The President's Radio Address
Good morning. Spring is a season of renewal, not just of the world around us but of the ideals inside us, those that bind us together as a people. Millions of families will come together to celebrate Easter this weekend and Passover in the coming weeks, to reaffirm their faith in God and their commitment to our sacred values.
And in this season of renewal, I ask all Americans to reaffirm their commitment to this central ideal, that we are many people but one nation, bound together by shared values rooted in the essential dignity and meaning of every American's life and liberty. That is the root of the American idea of a community of equal, free, responsible citizens and the American dream to build the best possible future for our children.
The divide of race has been America's constant curse in pursuit of our ideals. The struggle to overcome it has been a defining part of our history. Racial and ethnic differences continue to divide and bedevil millions around the world. And as we become an ever more pluralistic society with people from every racial and ethnic group calling America home, our own future depends upon laying down the bitter fruits of hatred and lifting up the rich texture of our diversity and our common humanity.
We're not there yet, as we often see in the tragic stories in the news. Just last week in Chicago, a 13-year-old boy, riding his bike home from a basketball game, was brutally attacked and almost beaten to death, apparently for no other reason but the color of his skin. Lenard Clark is black; the young men accused of attacking him are white. This weekend, I hope all Americans join Hillary and me in a prayer for Lenard and his family.
There is never an excuse for violence against innocent citizens. But this kind of savage, senseless assault, driven by nothing but hate, strikes at the very heart of America's ideals and threatens the promise of our future, no matter which racial or ethnic identity, the attackers' or the victim's. We must stand together as a nation against all crimes of hate and say they are wrong. We must condemn hate crimes whenever they happen. We must commit ourselves to prevent them from happening again. And we must sow the seeds of harmony and respect among our people.
And let's be honest with ourselves: racism in America is not confined to acts of physical violence. Every day, African-Americans and other minorities are forced to endure quiet acts of racism, bigoted remarks, housing and job discrimination. Even many people who think they are not being racist still hold to negative stereotypes and sometimes act on them. These acts may not harm the body, but when a mother and her child go to the grocery store and are followed around by a suspicious clerk, it does violence to their souls. We must stand against such quiet hatred just as surely as we condemn acts of physical violence, like those against Lenard Clark.

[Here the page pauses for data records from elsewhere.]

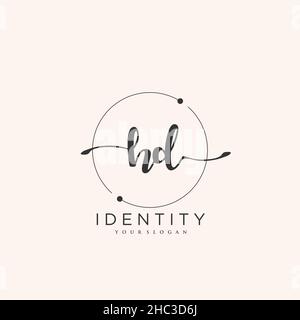 HD Handwriting logo vector art of initial signature, wedding, fashion, jewerly, boutique, floral and botanical with creative template for any company Stock Vector
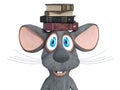 3D rendering of a cartoon mouse with a pile of books on his head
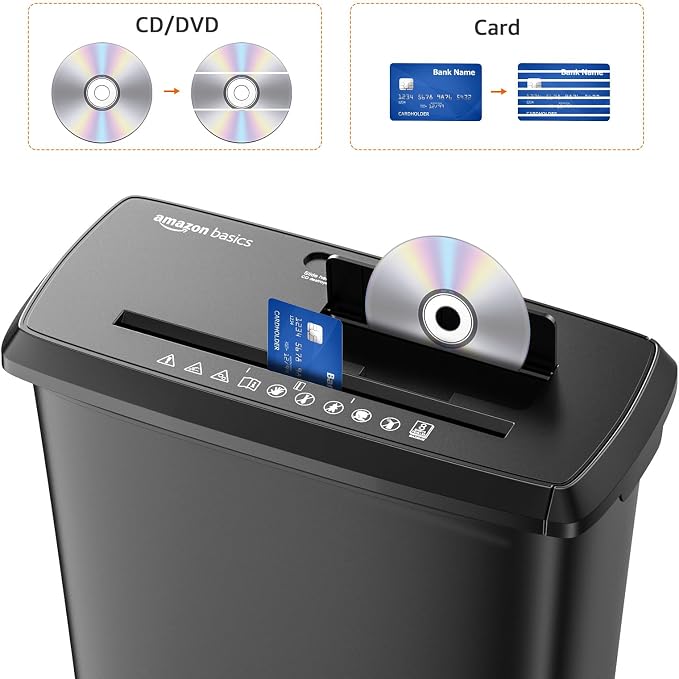 Amazon Basics 8-Sheet Strip Cut Paper Shredder for Home and Office, CD/Credit Card Shredder, 3.4 Gallon Bin, Black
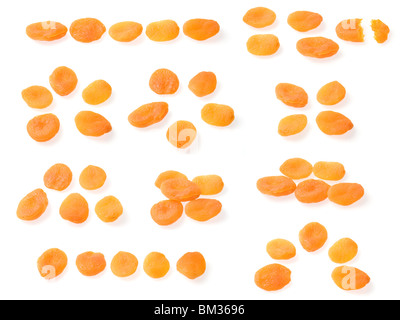 Gruppi di albicocche secche su sfondo bianco. Foto Stock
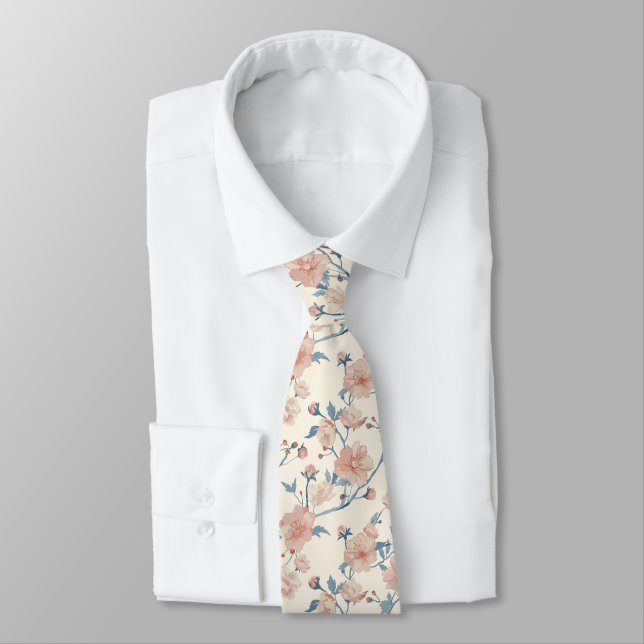 Minimalist Peony and Cherry Blossom Floral Pattern Neck Tie (Tied)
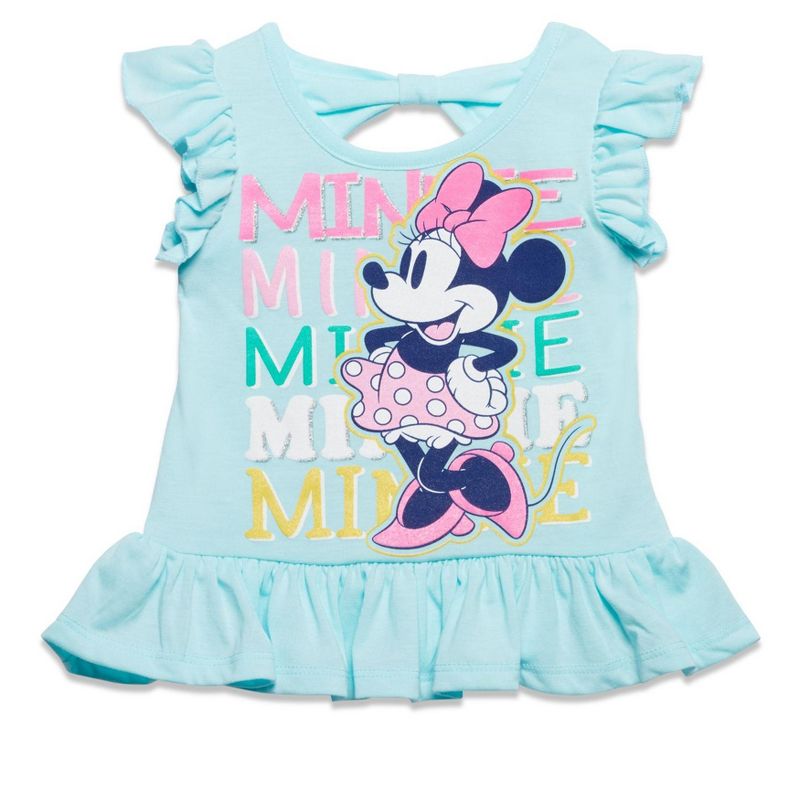 Disney Minnie Mouse Baby Girls T-Shirt and French Terry Shorts Set Blue , 2 of 4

At the same time, black Americans must not look at the faces of Lenard Clark's attackers and see the face of white America. The acts of a few people must never become an excuse for blanket condemnation, for bigotry begins with stereotyping—stereotyping blacks and whites, Jews and Arabs, Hispanics and Native Americans, Asians, immigrants in general. It is all too common today, but it is still wrong.
In Chicago, we see leaders of different races and political philosophies coming together to decry the crime against Lenard Clark. That is good, and it is reason for hope.
The holidays of this season teach us that hope can spring forth from the darkest of times. Those of us who are Christians celebrate a risen God who died a painful, very human death to redeem the souls of all humanity without regard to race or station.
So as families come together to celebrate Easter and Passover, as parents reunite with their children, their brothers and sisters, and friends with each other, let us all take time to search our souls. Let us find the strength to reach across the lines that divide us on the surface and touch the common spirit that resides in every human heart.
And let us also remember there are some Americans who feel isolated from all of the rest of us in other ways, sometimes with truly tragic consequences, like the events just outside San Diego which have so stunned us all this week. Our prayers are with their families as well.
In this season of reflection, we must find kinship in our common humanity. In this season of renewal, we must renew our pledge to make America one Nation under God. In this season of redemption, we must all rise up above our differences to walk forward together on common ground, toward common dreams.
Thanks for listening.
NOTE: The address was recorded at 11:50 a.m. on March 28 in the Roosevelt Room at the White House for broadcast at 10:06 a.m. on March 29. In his address, the President referred to the mass suicide of Heaven's Gate cult members discovered on March 26.